Wired

My framed 1993 premiere issue of Wired, hanging on my kitchen wall.

The first issue of Wired magazine from 1993, now free on iPad

I was very happy to see that Wired magazine has published its iconic inaugural issue on the iPad as a free download. I stumbled on the premiere issue at the Design museum in London, when I attended a HyperCard User Group meeting as a representative of my own company Ahead Multimedia AB. One of the organizers of this meeting was the TV journalist Max Whitby, who then run the Multimedia Corporation, a BBC company in London. Max had written an article in the premiere issue: “Is interactive dead?” (Check out his wonderful TEDxLondon talk and his talk on ebooks at Ebook Lab Italia)

Wired has been with me ever since that premier issue in the spring of 1993, I have so many memories from it. Here is an early commercial that sets the mood back then…

One interesting thing about Wired’s premiere issue is that internet was only mentioned twice. This was deliberately, as they wanted Wired to be about everything digital and how it transforms society. But internet would soon become an important subject for Wired and they also launched their own internet services like the search engine HotBot and their online magazine HotWired where they ignited the banner ad format.

I do feel that Wired has lost most of its original quality since 2001 when the editor Chris Anderson took over and steered it away from the long essays on tech and societal development and converting it more into a guys gadget magazine. But I still read Wired online and sometimes find inspiring pearls.
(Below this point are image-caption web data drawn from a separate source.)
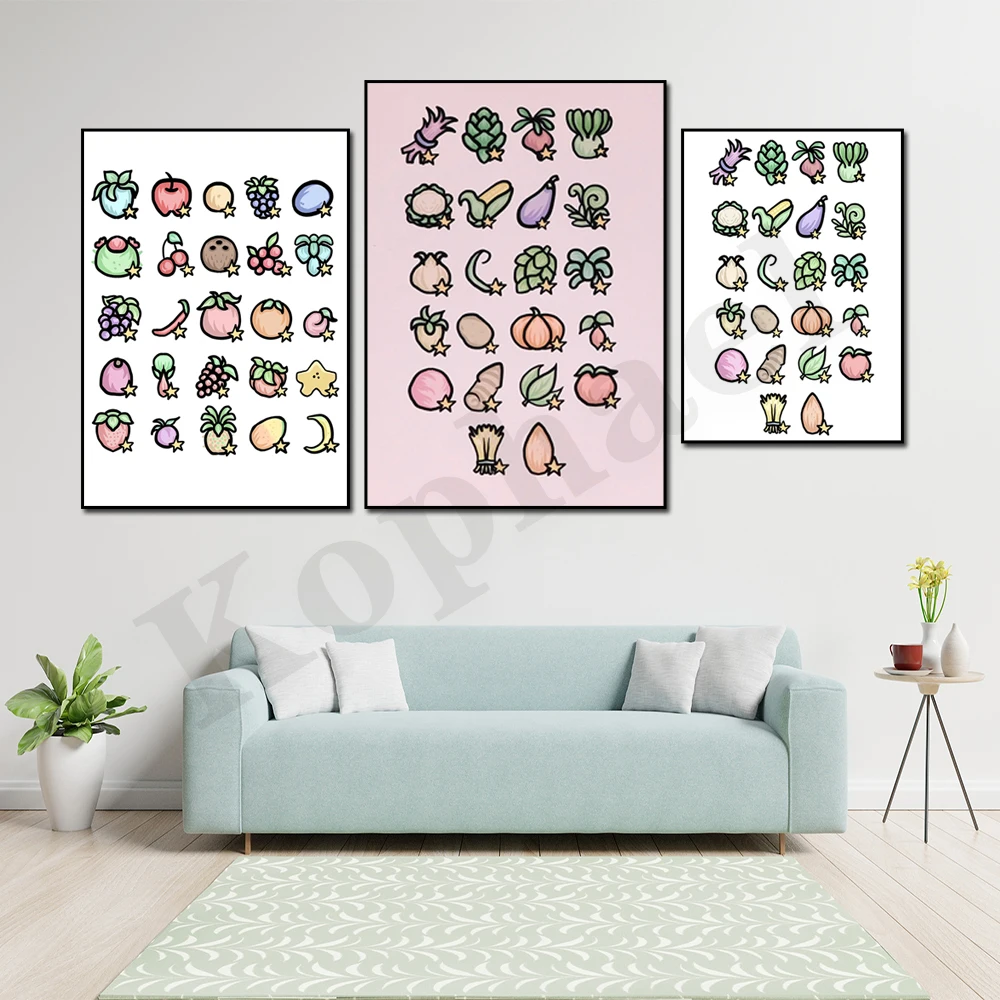 Stardew Valley Vegetables Crops Fruits Canvas Painting Wall Art Pictures Night Market Promotions Prints Home Decor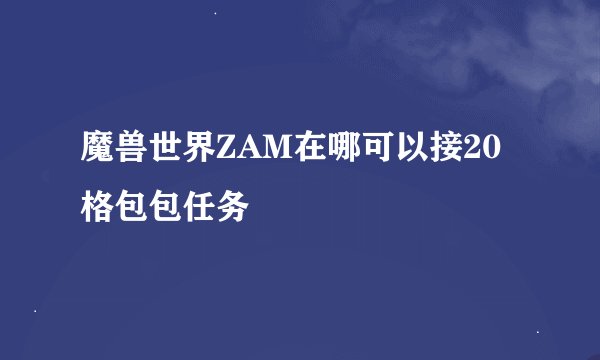 魔兽世界ZAM在哪可以接20格包包任务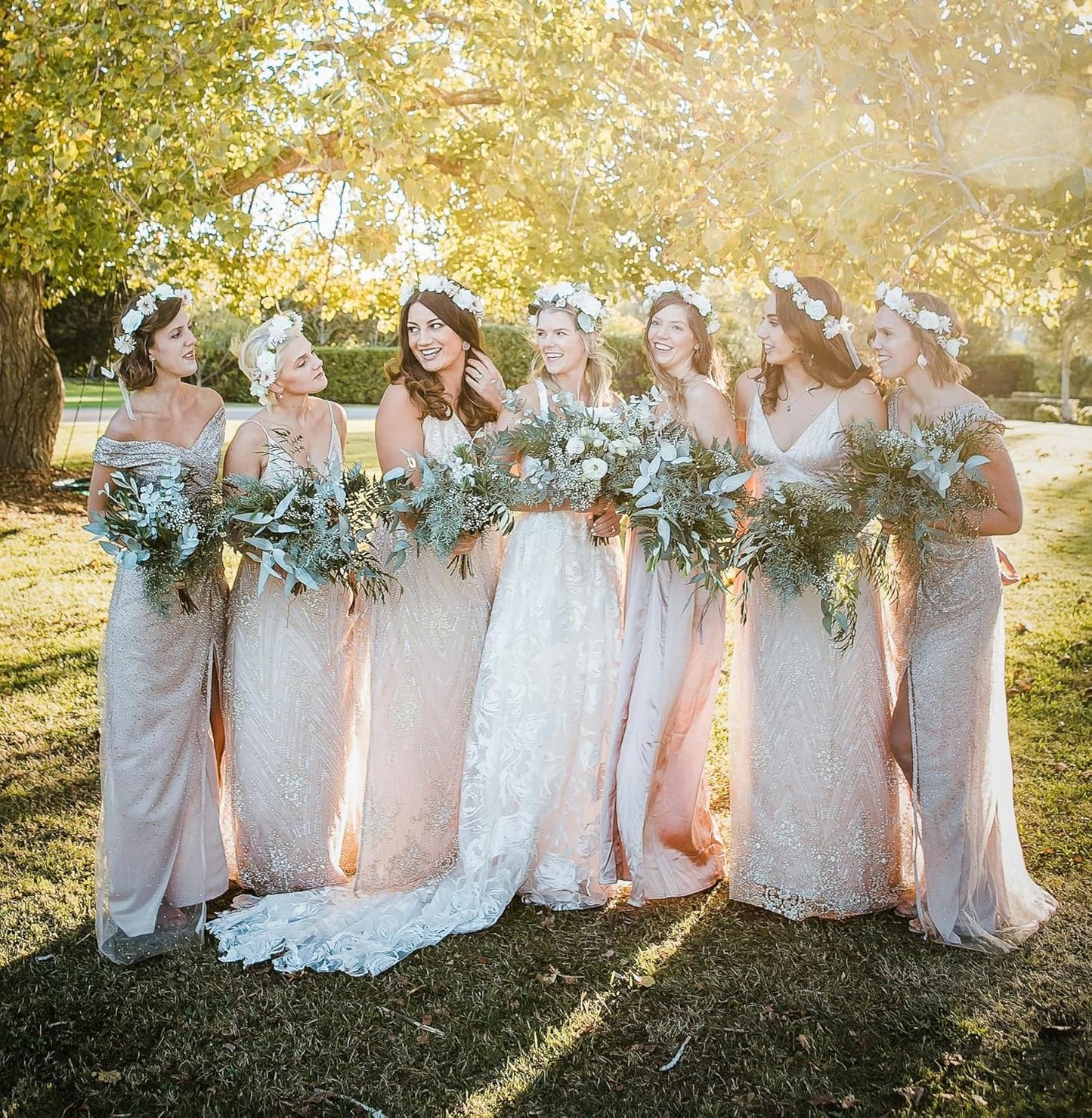 Bridesmaid Scrunchies Proposal Gifts Bachelorette Hair Claws Clips Girls heart sunglasses for Wedding Party Favors (White&Dusty Blue)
But I stopped buying the Wired iPad edition since I find it annoyingly similar to the old CD-ROM format that I produced so much of in the 90s, I wrote about that in my post: iPad media apps: CD-ROM revisited.

This is an important historic document!

I do encourage everyone interested in internet history and future digital development to read the Wired premiere issue on an iPad. Turn on the wonderful annotations where you get inside information and today’s perspective on all the articles and ads.
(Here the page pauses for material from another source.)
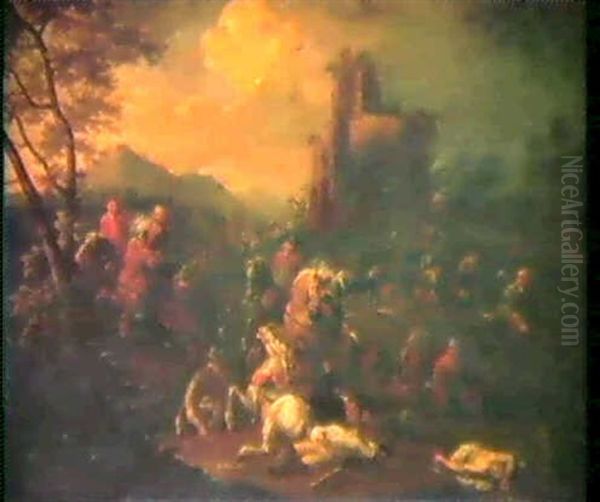 Schlachtszene Oil Painting by Karel Breydel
19 years with Wired, what’s next?

1993 is 19 years ago.  This was just before Internet became mainstream, here is what the web looked like back then:

Mosaic, the first “visual” web browser.

GSM mobiles had just emerged, but were still seen as expensive “yuppie toys” by most people. So in these 19 years we have seen a big transformation of our society and the ways we live, work and communicate.
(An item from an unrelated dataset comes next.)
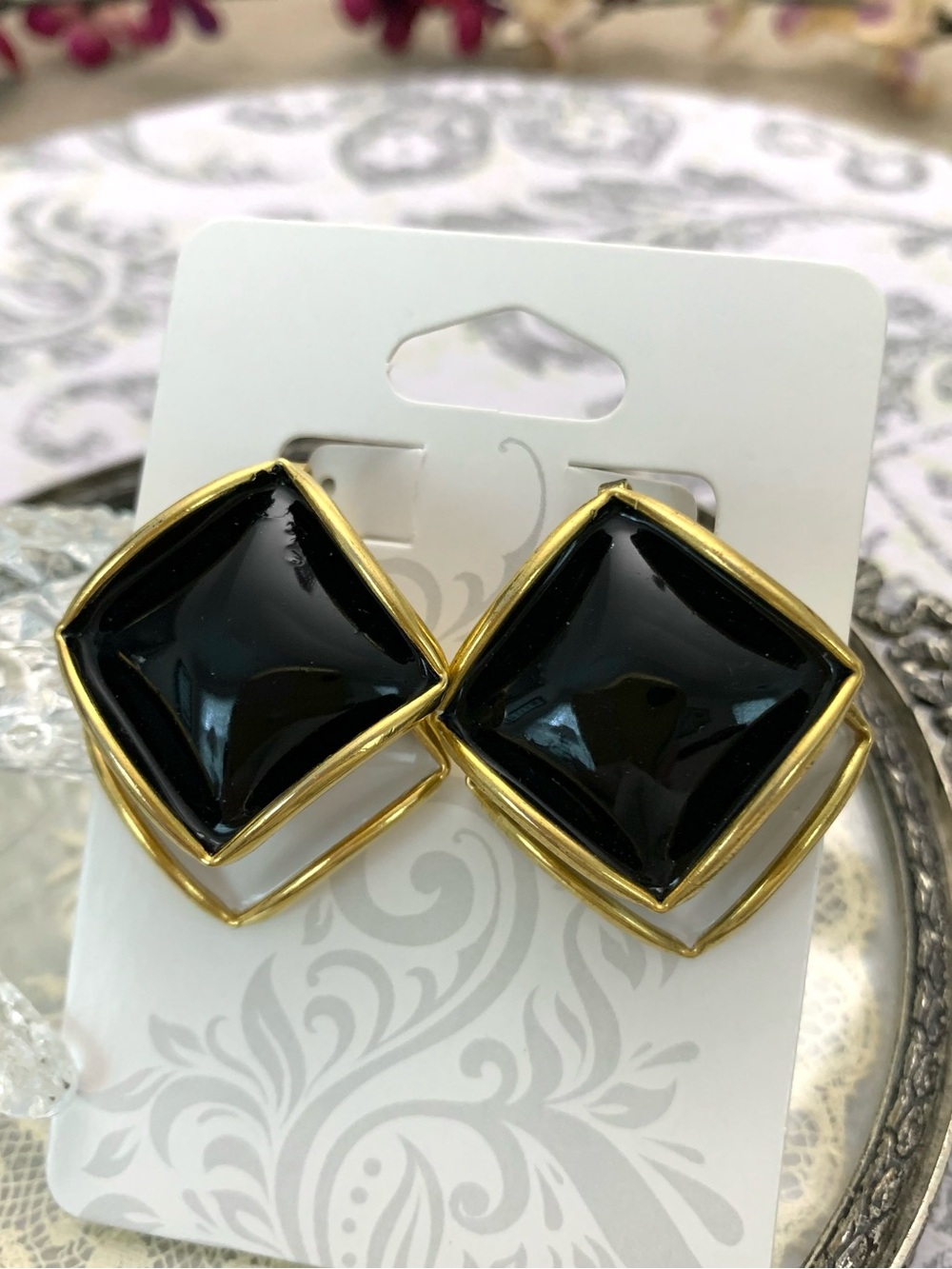 Vintage Signed Robert Black White Harlequin Enamel Art Deco Gold Clip Earrings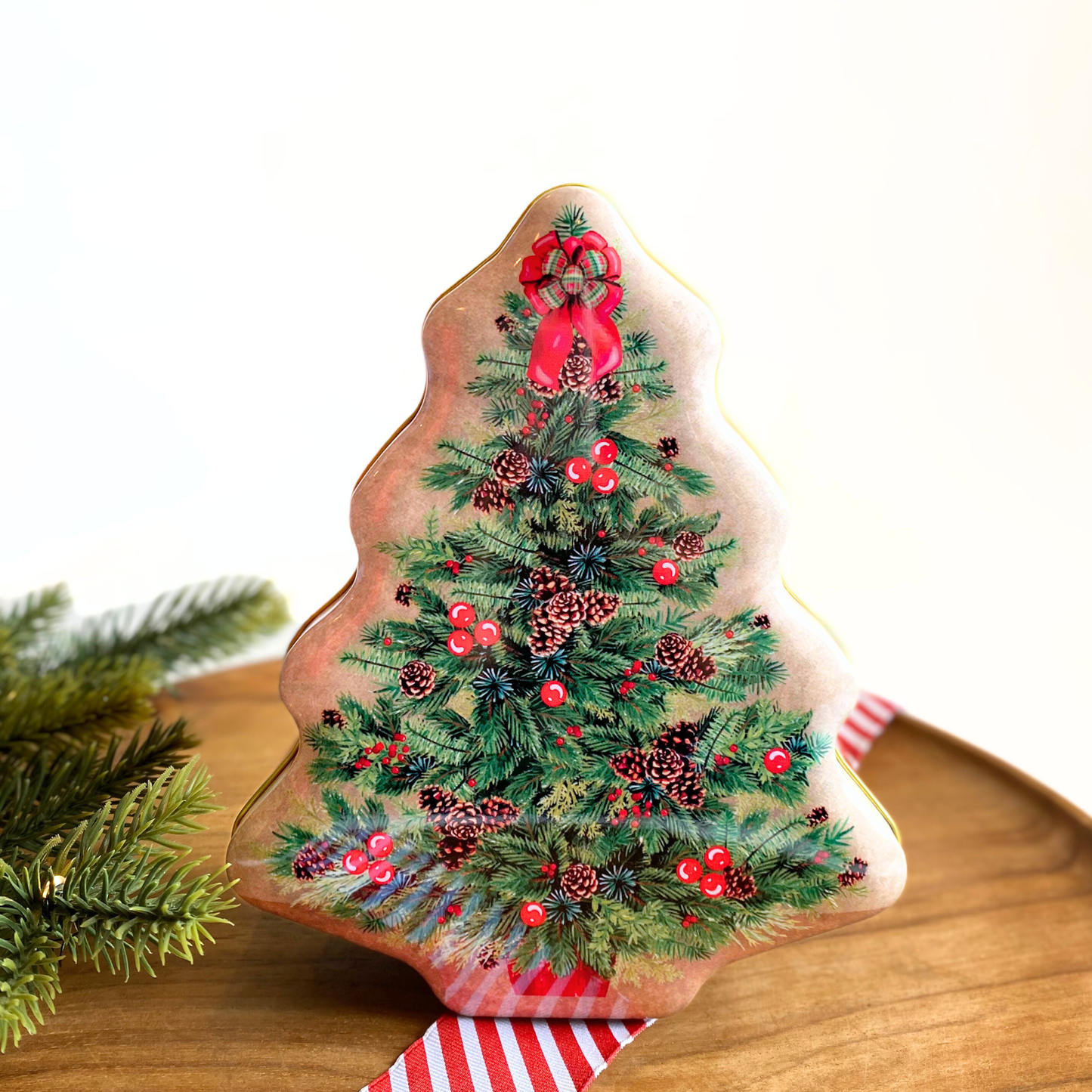 Evergreen Christmas Tree Tin Box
Do you think that the next 19 years will show less or more progress? I think much more! The development curve is getting much steeper now that we have so much infrastructure in place in the form of broadband mobile networks and inexpensive development tools and sensors.

I see four main transformational technologies in modern history:

  • The electricity in the early 20th century.
  • The mainframe computer in the 60s and the personal computer in the 80s
  • The internet and the web in the 90s
  • The connected smartphone revolution that started with the iPhone in 2005

I believe we are now in the beginning of another just as big transformation:
the Internet of Things, M2M-communications,  Connected devices
These are silly names that will disappear shortly when we start taking for granted that “everything” is as connected to internet as we are. The benefits and possibilites are endless when our machines, gadgets, bodies, cars, tools and environments are all online, communicating both with each other and with us humans.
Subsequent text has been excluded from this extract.